[Intel-gfx] [PATCH 24/51] drm/i915: Update deferred context creation to do explicit request management

Fri Feb 27 05:50:54 PST 2015

On Fri, Feb 27, 2015 at 12:45:19PM +0000, John Harrison wrote:
> On 25/02/2015 21:15, Daniel Vetter wrote:
> >On Wed, Feb 18, 2015 at 03:27:38PM +0000, John Harrison wrote:
> >>On 13/02/2015 12:15, Chris Wilson wrote:
> >>>On Fri, Feb 13, 2015 at 11:48:33AM +0000, John.C.Harrison at Intel.com wrote:
> >>>>From: John Harrison <John.C.Harrison at Intel.com>
> >>>>
> >>>>In execlist mode, context initialisation is deferred until first use of the
> >>>>given context. This is because execlist mode has many more contexts than legacy
> >>>>mode and many are never actually used.
> >>>That's not correct. There are no more contexts in execlists than legacy.
> >>>There are more ringbuffers, or rather the contexts have an extra state
> >>>object associated with them.
> >>Okay, I should have said sub-contexts. Or context state objects. Or
> >>something.
> >per-engine ctx state? Naming stuff is hard ;-)
> >
> >>>>>Previously, the initialisation commands
> >>>>were written to the ring and tagged with some random request structure via the
> >>>>OLR. This seemed to be causing a null pointer deference bug under certain
> >>>>circumstances (BZ:40112).
> >>>>
> >>>>This patch adds explicit request creation and submission to the deferred
> >>>>initialisation code path. Thus removing any reliance on or randomness caused by
> >>>>the OLR.
> >>>This is upside down though. The request should be referencing the
> >>>context (thus instantiating it on demand) and nothing in the context
> >>>allocation requires the request. The initialisation here should be during
> >>>i915_request_switch_context(), since it can be entirely shared with
> >>>legacy.
> >>>-Chris
> >>The request does reference the context - the alloc_reques() function takes a
> >>context object as a parameter. Thus it is impossible for the request to be
> >>used/supplied/required during context creation. The issue here is the lazy
> >>initialisation of the per ring context state which requires sending commands
> >>to the ring on first usage of the given context object on the given ring.
> >>
> >>One problem is that the initialisation request and the batch buffer request
> >>cannot be merged at the moment. They both use request->batch_obj for
> >>tracking the command object. Thus this patch only works due to the deferred
> >>intialisation occurring during the i915_gem_validate_context() call very
> >>early on in execbuffer() rather than as part of the context switch within
> >>the batch buffer execution which is much later.
> >My request struct doesn't have a batch_obj pointer. Where is that from and
> >why do we need it? Atm just chasing Chris' comments, haven't read the full
> >series yet.
> It should do! It was added way back in June 2013 by Mika in 'drm/i915: add
> batch bo to i915_add_request()'. So unless someone has removed it again
> since I last fetched a tree, you should definitely have it.

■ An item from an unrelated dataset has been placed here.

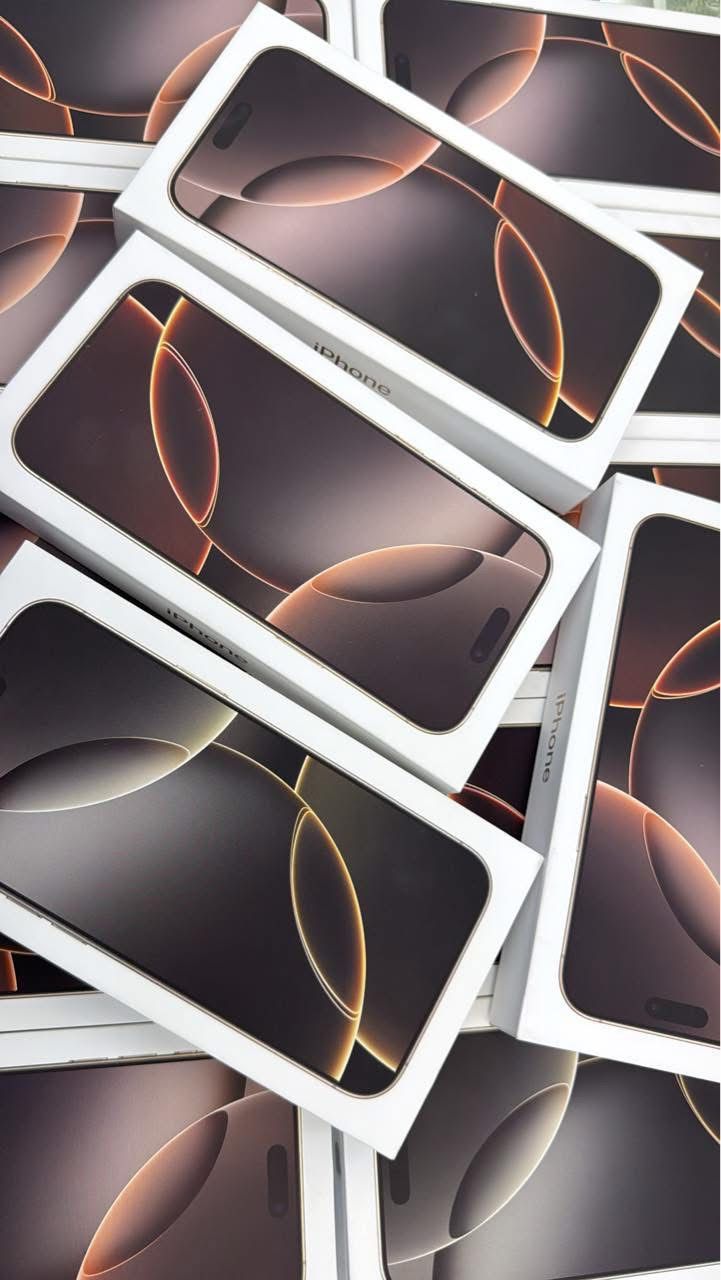 Iphone 16 Pro Max 1TB Unlock No Credit Needed Pay Down Only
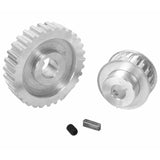 Machine tool gear parts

I must have been blind. Now I've found both the batch_obj and how it's
used in the renderstate. And that usage looks wrong since
request->batch_obj is used to assign blame to userspace batches for
arb_robustness gpu hang stats. The render state init batch is created by
the kernel, per definition userspace can't be responsible for hangs in
there.

Imo we should replace the batch obj argument in i915_gem_render_state_init
with NULL.

Would this allow you to resolve the inversion Chris brought up? Or is
there something else which would prevent us from putting the deferred
render ring init into the same request as the first execbuf?

> >>I'm not sure what you mean by i915_request_switch_context(). The existing
> >>i915_switch_context() does now take just a request structure rather than a
> >>ring/ringbuf/context mixture. However, it is not really a good idea to do
> >>the context switch automatically as part of creating the request. The
> >>request creation and request execution could be quite separated in time,
> >>especially with a scheduler.
> >>
> >>It should be possible to move the deferred initialisation within the context
> >>switch if the object tracking can be resolved. Thus they could share the
> >>same request and there would not be effectively two separate execution calls
> >>at the hardware level. Again, that's potentially work that could be done as
> >>a follow up task of improving the context management independent of the
> >>current task of removing the OLR.
> >I think the biggest risk with adding a separate request for the lrc
> >deferred init is in accidentally nesting request when someone moves around
> >the lrc validation. Atm it's at the top of execbuf but we tend to shuffle
> >things around a lot.
> >
> >Is there some simple WARN_ON we could smash into the alloc function to
> >make sure this never happens? ring->olr would be it, but since we want to
> >kill that that's not great. Or do I see risks which aren't really there?
> >-Daniel
> 
> There is a WARN_ON that the batch object in the request structure does not
> get overwritten. Although, that could only happen if the lazy setup and the
> batch buffer execution were sharing the same request. Nesting multiple
> requests shouldn't really be a problem. Without the OLR, there is no
> globally shared state. Having multiple requests being created in parallel is
> fine. The lazy context setup must be completed before the execbuffer is
> executed otherwise Bad Things are going to happen irrespective of request
> usage. So even if the execbuffer request is created first, the lazy setup
> will still happen at the right time without breaking the execbuffer's
> request.

Ok, sounds like we'd be covered. I just wanted to make sure we're not
ignoring potential issues here, but if requests are free-standing already
as-is (well after this series) we're hopefully fine.
-Daniel
-- 
Daniel Vetter
Software Engineer, Intel Corporation
+41 (0) 79 365 57 48 - http://blog.ffwll.ch